## YOUR ASSIGNMENT
Copy exactly the lines of the records below, and only those lines, beginning with the line that contains "thumbnail image 2" and ending with the line that contains "Marshall Male to".

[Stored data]
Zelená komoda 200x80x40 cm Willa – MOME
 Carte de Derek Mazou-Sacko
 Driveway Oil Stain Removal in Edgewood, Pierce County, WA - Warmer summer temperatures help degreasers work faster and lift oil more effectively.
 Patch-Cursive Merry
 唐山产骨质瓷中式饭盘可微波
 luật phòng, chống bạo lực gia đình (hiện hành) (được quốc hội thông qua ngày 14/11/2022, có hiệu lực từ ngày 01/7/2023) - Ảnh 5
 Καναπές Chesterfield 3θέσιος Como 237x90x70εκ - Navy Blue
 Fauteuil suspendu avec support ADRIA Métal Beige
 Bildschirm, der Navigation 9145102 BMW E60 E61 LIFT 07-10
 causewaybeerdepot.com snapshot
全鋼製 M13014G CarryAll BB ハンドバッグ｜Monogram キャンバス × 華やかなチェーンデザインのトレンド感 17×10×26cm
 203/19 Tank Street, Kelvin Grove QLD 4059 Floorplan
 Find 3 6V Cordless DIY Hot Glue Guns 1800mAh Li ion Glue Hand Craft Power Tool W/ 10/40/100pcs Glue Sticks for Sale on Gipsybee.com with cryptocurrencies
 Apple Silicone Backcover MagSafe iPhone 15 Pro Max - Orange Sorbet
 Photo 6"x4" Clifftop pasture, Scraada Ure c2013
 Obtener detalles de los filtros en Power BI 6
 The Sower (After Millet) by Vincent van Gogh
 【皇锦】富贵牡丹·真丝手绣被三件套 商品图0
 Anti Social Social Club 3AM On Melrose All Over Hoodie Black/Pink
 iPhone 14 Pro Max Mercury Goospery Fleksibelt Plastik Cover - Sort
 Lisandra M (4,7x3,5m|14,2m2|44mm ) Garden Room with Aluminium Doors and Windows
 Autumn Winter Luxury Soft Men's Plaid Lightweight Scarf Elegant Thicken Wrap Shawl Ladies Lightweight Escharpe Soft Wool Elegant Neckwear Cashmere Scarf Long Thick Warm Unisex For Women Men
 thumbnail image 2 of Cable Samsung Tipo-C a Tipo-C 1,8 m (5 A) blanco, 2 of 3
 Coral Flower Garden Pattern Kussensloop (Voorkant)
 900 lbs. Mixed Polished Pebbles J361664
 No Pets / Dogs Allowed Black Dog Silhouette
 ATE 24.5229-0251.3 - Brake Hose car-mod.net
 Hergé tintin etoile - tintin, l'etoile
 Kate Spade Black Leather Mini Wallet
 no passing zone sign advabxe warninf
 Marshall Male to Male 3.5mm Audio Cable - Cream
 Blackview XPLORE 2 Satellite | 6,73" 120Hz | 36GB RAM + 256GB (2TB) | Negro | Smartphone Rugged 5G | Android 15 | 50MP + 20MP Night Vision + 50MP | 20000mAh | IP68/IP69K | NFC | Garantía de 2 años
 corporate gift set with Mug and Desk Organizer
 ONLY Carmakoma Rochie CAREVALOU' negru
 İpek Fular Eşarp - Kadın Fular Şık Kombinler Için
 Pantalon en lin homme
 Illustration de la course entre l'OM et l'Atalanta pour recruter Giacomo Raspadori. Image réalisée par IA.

## ANSWER SECTION
 thumbnail image 2 of Cable Samsung Tipo-C a Tipo-C 1,8 m (5 A) blanco, 2 of 3
 Coral Flower Garden Pattern Kussensloop (Voorkant)
 900 lbs. Mixed Polished Pebbles J361664
 No Pets / Dogs Allowed Black Dog Silhouette
 ATE 24.5229-0251.3 - Brake Hose car-mod.net
 Hergé tintin etoile - tintin, l'etoile
 Kate Spade Black Leather Mini Wallet
 no passing zone sign advabxe warninf
 Marshall Male to Male 3.5mm Audio Cable - Cream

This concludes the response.